Fui piacevolmente stupito.

Mi ha raccontato che aveva ormai terminato la Scuola un anno e mezzo fa e che era riuscita, grazie a suo padre, i fratelli e sorella, a trovare i soldi per venire a studiare all'università in Turchia: Storia.

Le ho chiesto come è stato possibile e se le altre ragazze erano ancora là.

Lestari, immagino con un tono di amarezza nella voce, mi ha risposto che sì, tutte erano ancora nella scuola e non era facile riuscire a trovare un futuro.

Lei ha avuto la fortuna di avere ancora suo padre e che il suo desiderio fosse lo stesso di Lestari, ovvero quello di riuscire a studiare oltre i confini dell'Indonesia.

Un sogno enorme, se immaginato nel chiuso delle mura della Scuola, ma che alla fine ha trovato il suo percorso.

“Io ancora ricordo Stefano quanto semangat ci hai dato”, mi ha scritto Lestari.



In una giornata come tante, pressato dagli impegni e dai pensieri che ci obnubilano la mente ogni giorno, questa piccola storia mi ha fatto sorridere, nel senso più puro del sorriso e della sua importanza.

Parlare di sogni, soprattutto con i ragazzi, specie se in situazioni difficili, può sembrare utopistico se non beffardo, o lezioso.

Eppure io ci credo veramente.
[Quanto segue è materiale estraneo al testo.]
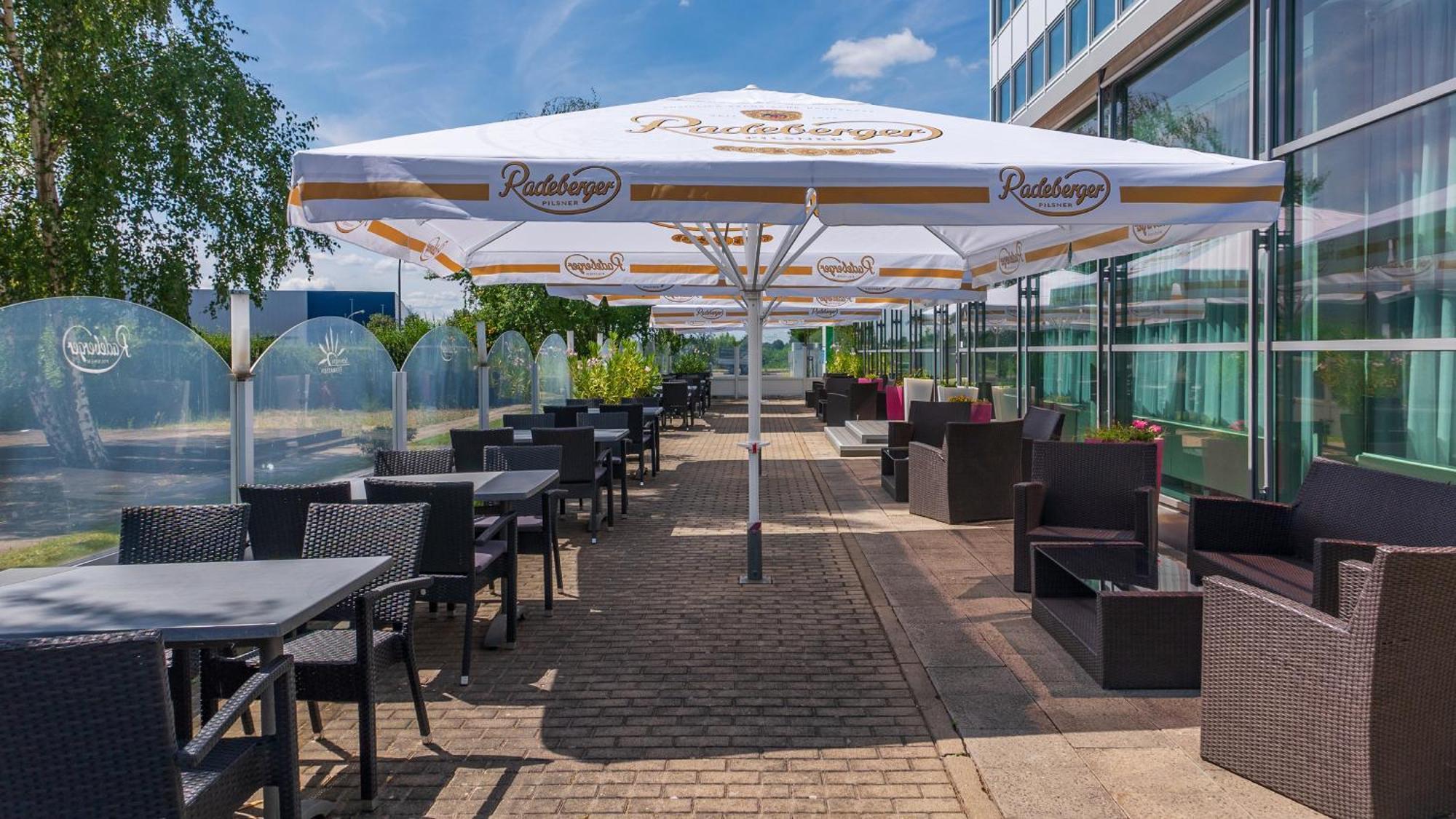 Hotel Berlin Airport - Conference Centre By Ihg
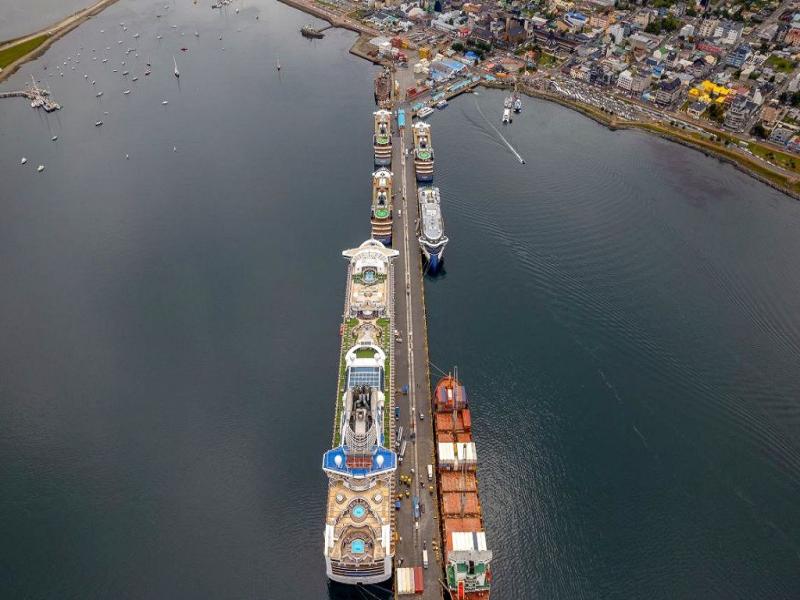 Ushuaia demostró su capacidad operativa en una jornada de alta complejidad de cruceros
I sogni non hanno colore, razza, lingua o casta.

I sogni sono il legame con il divino, quel filo invisibile e lucente che lega le nostre anime alla sfera celeste sopra le nubi.

Realizzarli è la nostra sfida ultima ma crederci è il nostro dovere quotidiano.

 

Dedicato a tutte le ragazze e i ragazzi della Pesantren Al Imam.